I was just recently diagnosed with RA (3 wks ago) by my PCP but not yet by the Rheumatologist. I'm on relefen for starters until the rheumatologist (i haven't claimed his as MY rheumatologist yet) is 'convinced' i have RA. (my PCP is, and so am I) i had my first appt with him, and of course, it happened to be on a good day. he's not 100% convinced because the physical exam wasn't indicative (because i didn't have much swelling, joint pain that day). anyway, my husband isn't too interested in learning more about RA. he doesn't really seem to understand the pain that i'm in. i feel so alone! if i mention my shoulders are painful or something he'll comment how HIS shoulders are always sore, etc. blah! he told me one day (in front of my BFF, who does understand) that i was "milking this thing". when i told him that he had no idea of what i was going thru, or what this RA was about....and what's it like to be in the pain i'm in ALL THE TIME. i told 'excuse me for taking some of the limelight away from you and your diabetes'...i was so mad, i just walked out of the room. i've decided i'm not going to say anything more about RA to him, or discuss my dr visits, or anything. i'm angry that i have to deal with this, and with his indifference. has anyone else been thru? how did you deal with it?
Hi There!
I was diagnosed with RA 5mos ago. I remember those first few weeks of mine. My news of my health to my family was met with scepticsm. I have 4 daughters all 20 somthing. When I told the youngest I was so exhausted that I felt like collapsing on the spot, she told me to get more sleep. They compared my pain to their pain from over exercising. It was only when the oldest came to see me and I was sitting on the couch, rocking back and forth, tears running down my face that they grasped that this was different....not an ordinary kind of pain. (And also upon hearing me wake myself in the night, by crying out in pain.)

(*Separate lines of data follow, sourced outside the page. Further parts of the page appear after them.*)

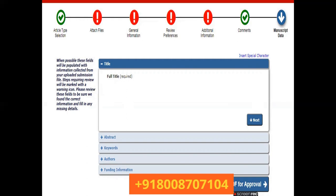Once you click 'Build PDF for Approval', the system creates a PDF and sends it to your email. Review all documents — check that tables, figures, text, author names, funding data, and conflict of interest are clearly mentioned. Then click 'Approve' to submit your manuscript to the Springer journal. You will receive an automated confirmation email. After that, the editor handles it, sends it to reviewers, and you will receive review comments. For any doubts about the cover letter or conflict of interest, feel free to contact me via WhatsApp or email. Please like and share this video.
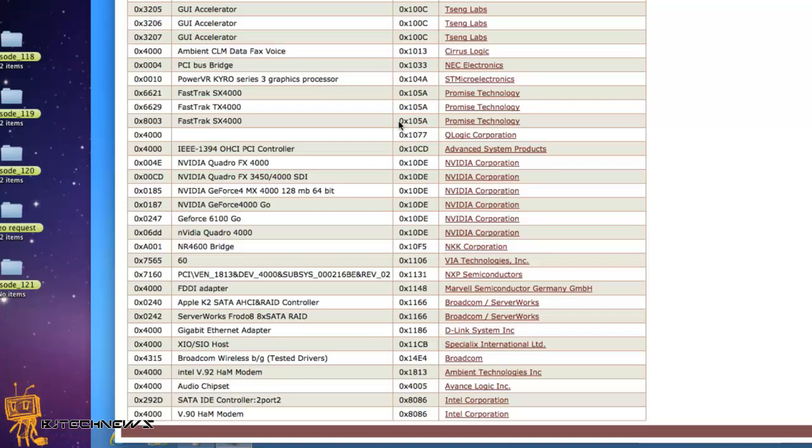Hopefully you guys enjoyed the video on how to get drivers for unknown devices or base system devices on your machine.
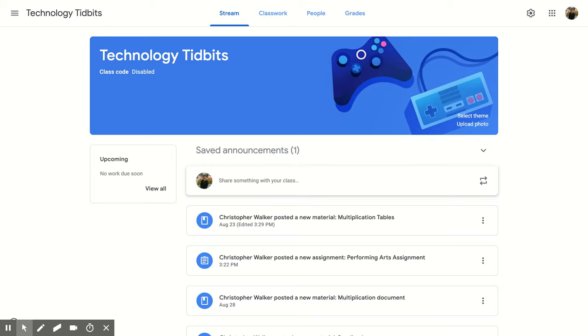Hi everyone, I'm Christopher Walker and today we're going to be talking about how to add a Guardian account that will connect to one of your students within Google Classroom.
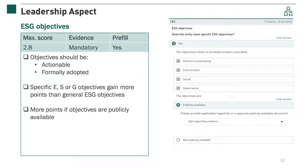The next indicator is on ESG objectives. Clear environmental, social, and governance, or ESG, objectives help to address material issues and integrate them into overall day-to-day management practices. Note that more points are gained for specific objectives. Objectives should be actionable and formally adopted. For this indicator, you are required to provide evidence to support your answer. This evidence may be publicly available, in which case provide a hyperlink, or not publicly available, in which case upload a document. More points are gained for publicly available objectives. This indicator is subject to manual validation, meaning that the evidence you provide is reviewed by our third-party validation provider. For more information on validation, please refer to the validation lesson.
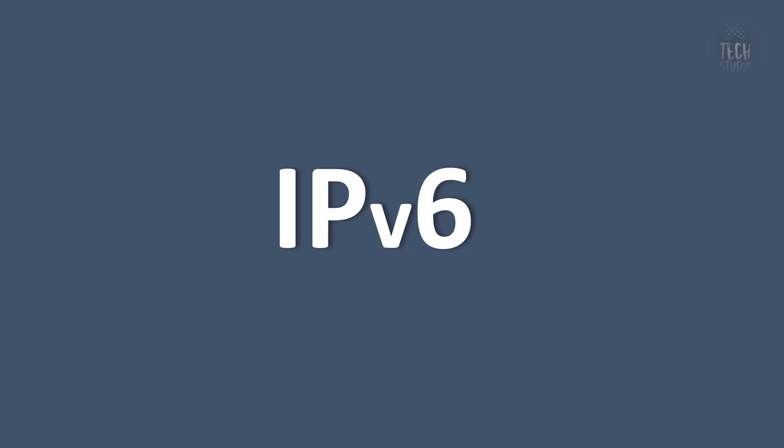Hello, everyone. In this video, we will discuss IPv6 and the major changes compared to IPv4.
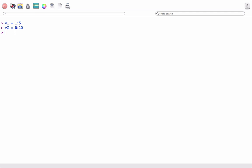Also, binding can be either done column wise or row wise. Let's first see column wise binding. For that we will use the function cbind and we will pass these two vectors as the arguments v1, v2.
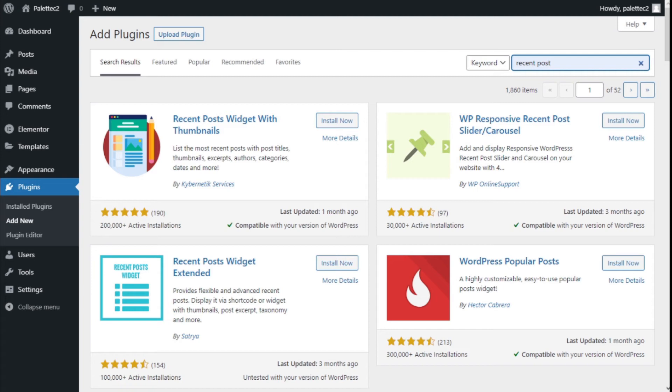Hello, this is Chris from Palatech. In this video we're going to learn how to add recent posts with thumbnails to the sidebar of our site using the Recent Posts with Thumbnail plugin and the Astra theme.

I remember when I was about 19 and someone told me, we needed so much research for this disease. I thought what's the big deal? So old people hands feel sore and get stiff? Isnt that what happens to all people as we age? How insensitive and ignorant I was. Since then I have learned compassion and have become informed about the horrible diseases of this world....that they dont strike just elderly persons....that their hands were PAINFUL, not just sore.
I have learned that unless we, or someone close to us has experienced a physical disfunction, we can't understand or "feel" their pain. I for instance have never had a broken leg, or a spinal tap and I can honestly say I dont know how that feels. But since feeling the pain of RA in my hands, I now know the difference between "normal" pain and RA pain.
I guess what I am saying is, hopefully with time your husband will observe for himself what is going on with you and respond as my daughters have with compassion. In the meantime, come talk to us here. I have found some really cool people, with awesome perspectives come here. Some quite funny too! (hey all, hope this isnt too long...)
i was lucky to find this website. i am learning that i'm not the only one going thru this, and that my symptoms are very much like everyone else. i met another gal in the group i ride with who has it, so she's kinda gonna hold my hand (so to speak) and help me get thru it too. i'm scared of what my future holds (or doesn't hold). i just need to accept my life sentence. everything you said is true. i get tired of hearing how other people tell me how they get the arthritis too. sometimes i just wanna scream!! thanks so much for listening.